Eligible companies can raise up to AU$5 million in any 12-month period through licensed crowdfunding platforms under the new CSF regime.
Where previous legislation limited the scope of equity crowdfunding to wholesale or sophisticated investors who earn at least AU$250,000 a year or have AU$2.5 million in assets, under the new CSF regime, retail investors will be able invest up to AU$10,000 per company per year once they have completed the prescribed risk acknowledgement, and will have a five-day cooling-off period.
To raise capital via CSF, unlisted public companies must enter into a hosting arrangement with a licensed CSF intermediary, prepare a CSF offer document, obtain consents required for the CSF offer document such as from all company directors, publish the CSF offer document on the intermediary’s platform, close the offer as soon as possible, declare the offer complete, and issue shares to retail investors, according ASIC’s regulatory guide [PDF] for public companies.
The CSF offer document [DOC] must be presented in a “clear, concise, and effective” manner, and contain information such as: The nature of the company’s business, including its business model and strategy; the backgrounds of the company’s directors and senior managers; the main risks facing the company’s business; the capital structure of the company; the financial information of the company; the use of funds raised under the CSF offer; the rights associated with the shares; and details of previous CSF offers.
Crowdfunding platform operators are required to play a “gatekeeper” role to ensure investors are only offered investments in public companies that are eligible to raise funds and are seeking to do so “for legitimate purposes”, ASIC has previously said.
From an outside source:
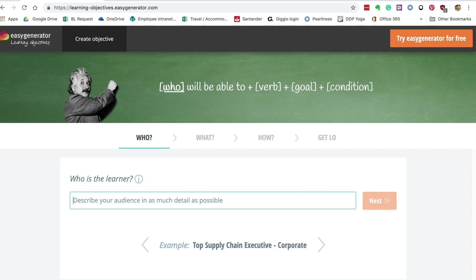In coaching sessions where I've supported staff to plan their sessions, one of the most common issues is with writing effective learning objectives. Many fall into the trap of creating task lists, but for learning objectives to be effective, they need to be specific and measurable.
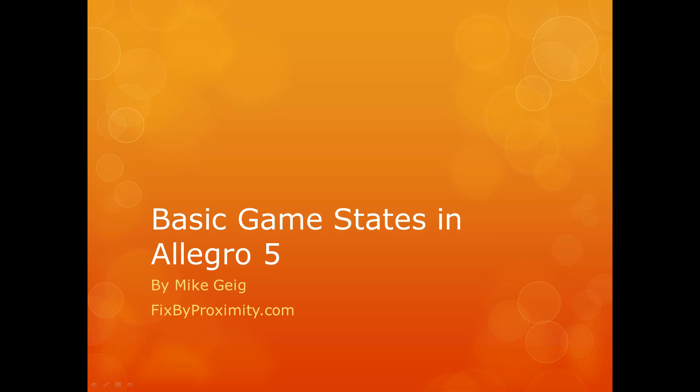Hello everybody, my name is Mike Geig, and in this video we're going to look at basic game states in Allegro 5. One thing I want to talk about here is that I would like this video to be a very brief introduction into what states are.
In order to sustain investor confidence, intermediaries must ensure that it provides an “application facility” that enables people to make applications in response to open CSF offers; prescribed checks are carried out regarding the identity of the offering company and its eligibility under the new CSF regime, as well as information on the company’s directors, including whether they have “knowingly engaged in misleading or deceptive conduct”; and adequate arrangements are in place for the management of conflicts of interest, according to ASIC’s guide [PDF] for CSF intermediaries.
Additionally, the guide advises that important information such as the prescribed general risk warning be published prominently and is easily accessible on the crowdfunding platform, and the CSF offer is closed or suspended when appropriate, such as when the offer is fully subscribed.
A communication facility must also be available for investors to communicate in relation to the CSF offer and make inquiries of the offering company and the CSF intermediary. While the communication facility does not need to be open to the general public, it does need to be monitored and quality-controlled, ASIC’s regulatory guide for intermediaries states.
Crowdfunding platform operators are additionally advised to deal with client money in accordance with the Corporations Act.
Last week, ASIC announced that it would begin accepting licence applications from intermediaries on September 29, 2017 via its “eLicensing” portal, and will assess them as a matter of priority to accelerate the implementation of the CSF regime.
In addition to the standard documentation ASIC requires for all licence applications, the financial regulator advised intermediaries to address CSF-specific requirements [PDF] in its application to speed up the assessment process.
The Australian federal government also announced last week that it is introducing legislation to Parliament to extend the CSF regime to proprietary companies, after the regime was heavily criticised for locking out startups and small businesses. The reform would mean proprietary companies wanting to access equity crowdfunding will no longer have to convert to a public company entity to take advantage of the new CSF regime.
However, proprietary companies will have to comply with additional obligations to protect investors, including: A minimum of two directors; financial reporting in accordance with accounting standards; audited financial statements once the company raises more than AU$3 million from crowdfunding offers; and restrictions on related party transactions.